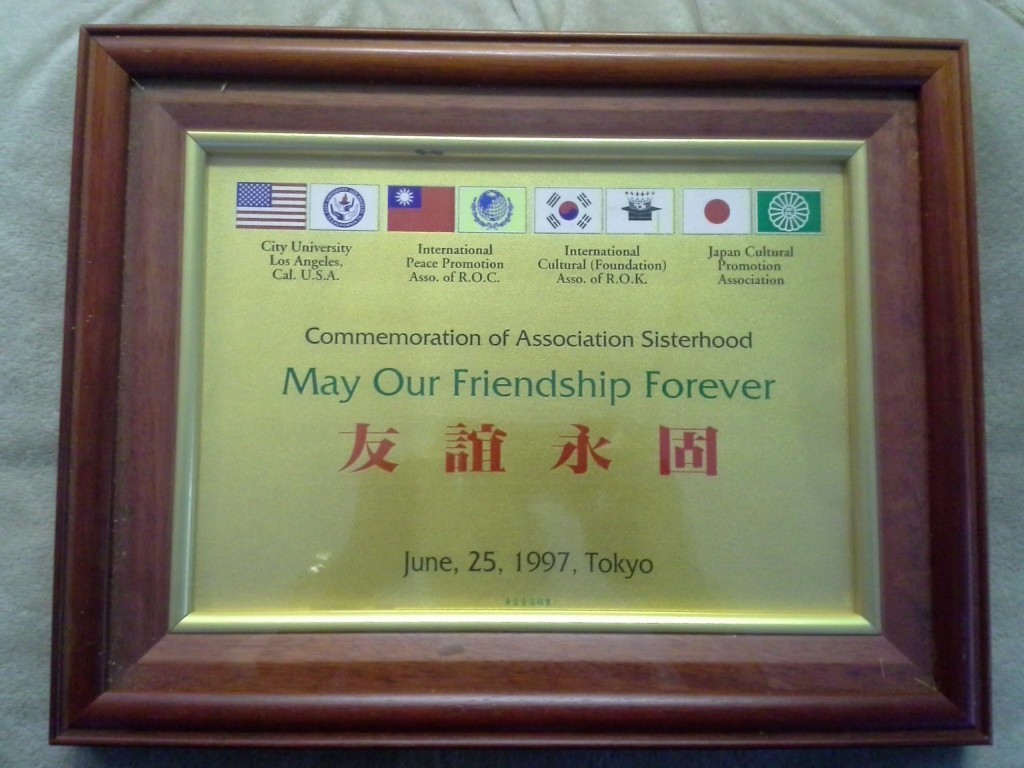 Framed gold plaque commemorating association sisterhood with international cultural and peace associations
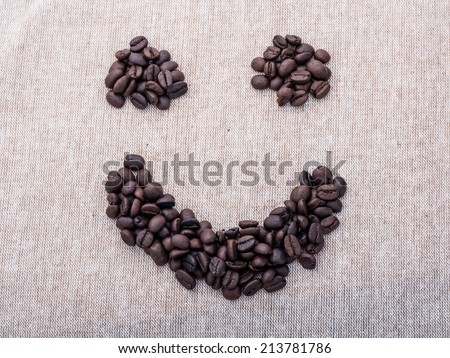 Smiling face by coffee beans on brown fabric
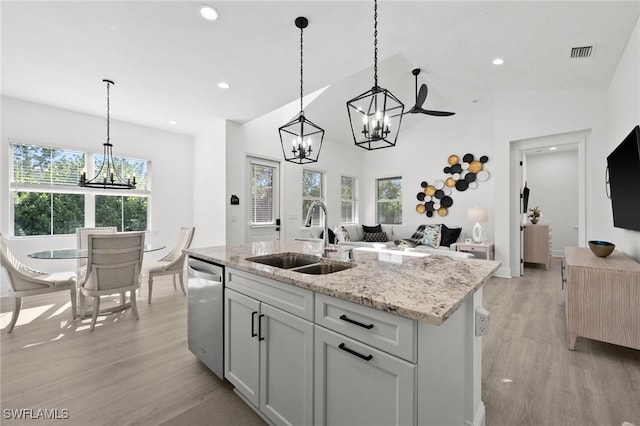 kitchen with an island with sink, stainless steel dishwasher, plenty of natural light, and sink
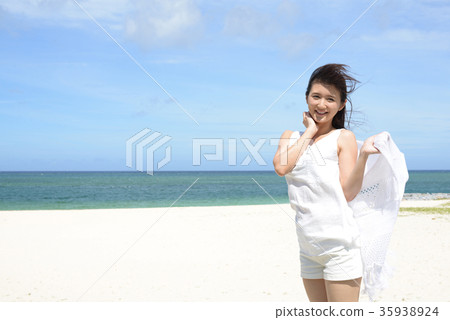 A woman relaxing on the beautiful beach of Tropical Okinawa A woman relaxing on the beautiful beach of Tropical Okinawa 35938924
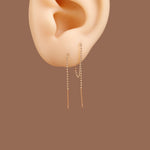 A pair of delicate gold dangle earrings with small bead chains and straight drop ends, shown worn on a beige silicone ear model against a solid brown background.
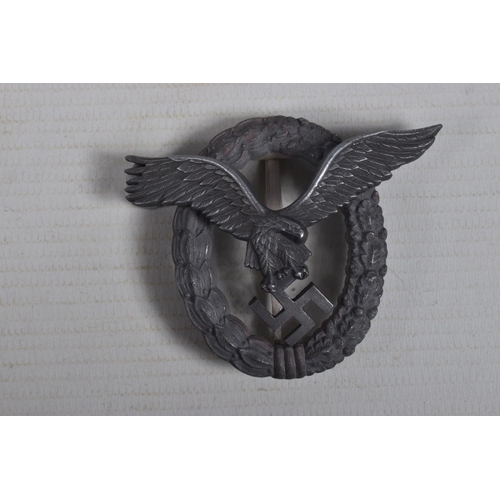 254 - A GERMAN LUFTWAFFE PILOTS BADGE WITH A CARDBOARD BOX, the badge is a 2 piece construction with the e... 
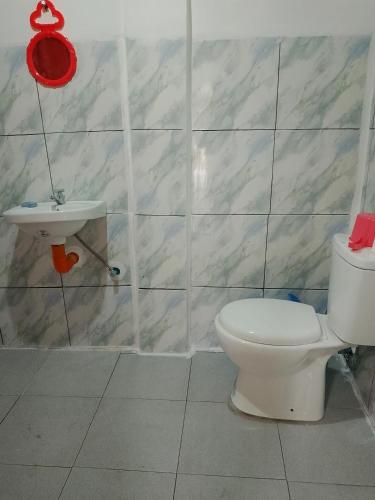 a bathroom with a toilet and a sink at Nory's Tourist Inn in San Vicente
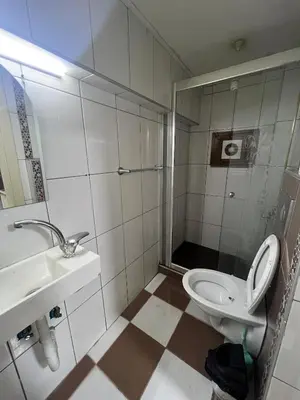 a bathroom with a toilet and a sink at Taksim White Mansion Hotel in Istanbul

==

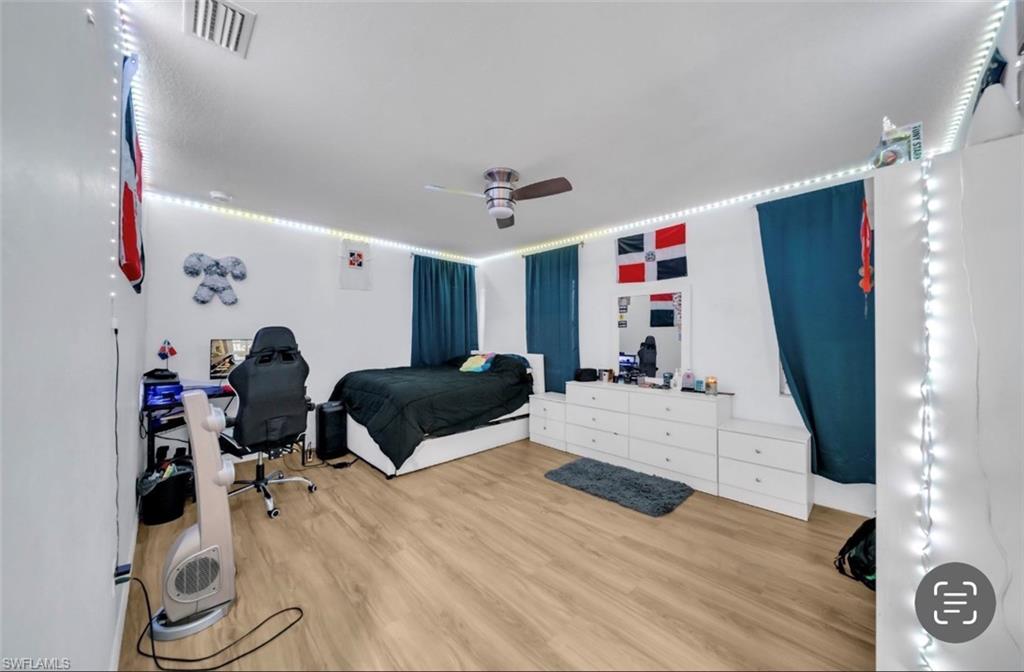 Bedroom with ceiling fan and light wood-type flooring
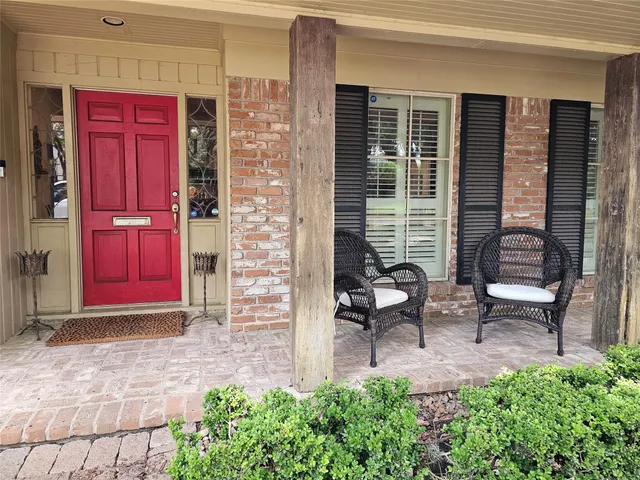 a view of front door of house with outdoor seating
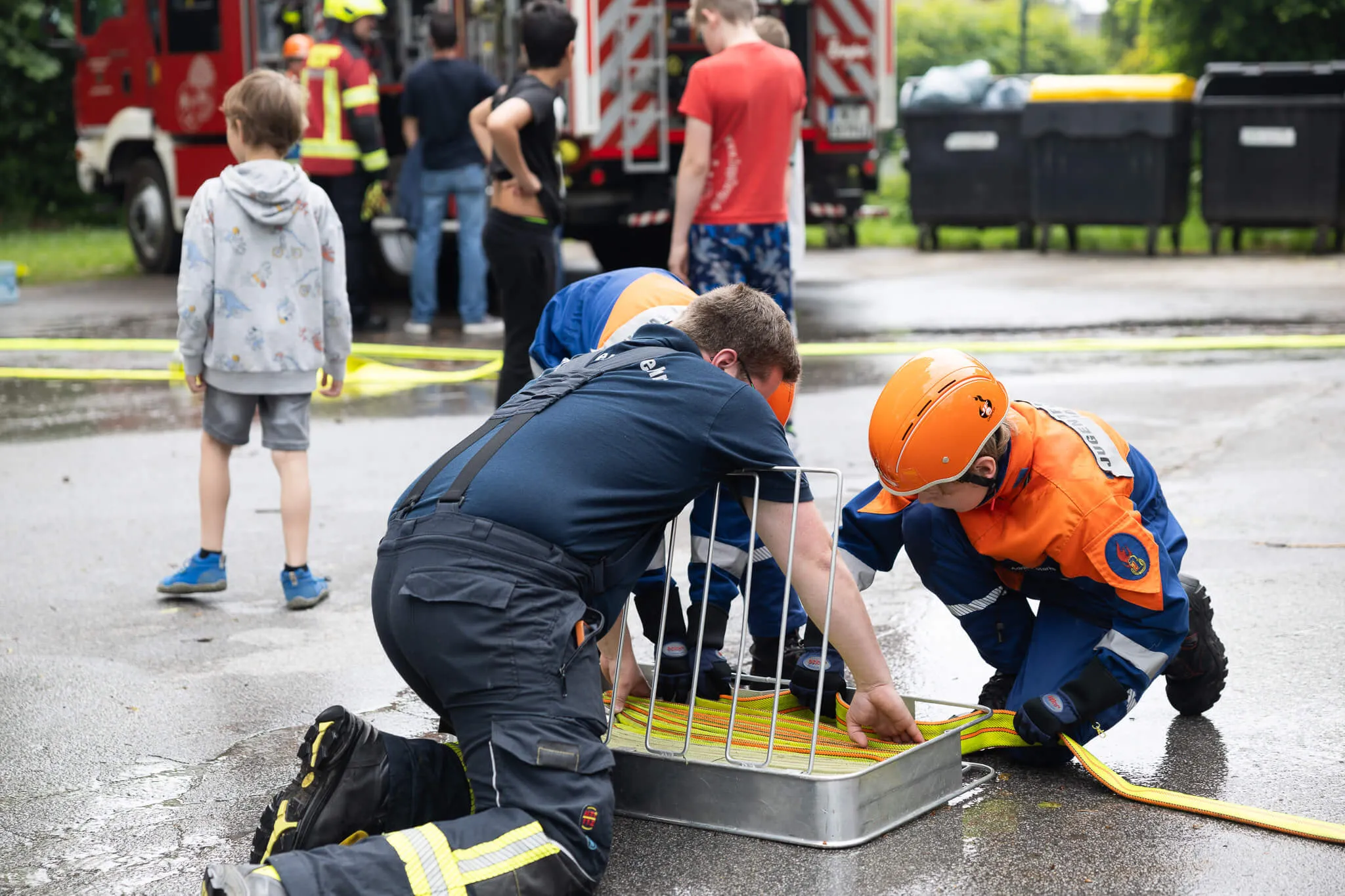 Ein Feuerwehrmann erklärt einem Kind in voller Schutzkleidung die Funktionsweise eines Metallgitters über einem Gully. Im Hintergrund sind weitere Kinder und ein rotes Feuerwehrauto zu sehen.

---

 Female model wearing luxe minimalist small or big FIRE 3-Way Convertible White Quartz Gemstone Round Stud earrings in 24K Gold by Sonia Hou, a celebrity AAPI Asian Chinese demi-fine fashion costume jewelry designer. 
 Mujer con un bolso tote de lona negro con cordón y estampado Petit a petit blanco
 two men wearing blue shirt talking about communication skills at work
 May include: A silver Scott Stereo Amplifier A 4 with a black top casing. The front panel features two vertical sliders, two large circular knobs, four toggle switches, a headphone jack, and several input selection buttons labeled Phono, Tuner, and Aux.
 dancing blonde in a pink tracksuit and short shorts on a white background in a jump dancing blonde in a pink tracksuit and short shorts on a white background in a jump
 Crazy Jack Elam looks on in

### WHAT YOU NEED TO DO
Precisely those lines above that run from the line with "Bedroom with ceiling" up to and including the line with "Ein Feuerwehrmann erklärt" are to be set down, with the pictures omitted.

### OUTPUT OF THE EXERCISE
 Bedroom with ceiling fan and light wood-type flooring
 a view of front door of house with outdoor seating
 Ein Feuerwehrmann erklärt einem Kind in voller Schutzkleidung die Funktionsweise eines Metallgitters über einem Gully. Im Hintergrund sind weitere Kinder und ein rotes Feuerwehrauto zu sehen.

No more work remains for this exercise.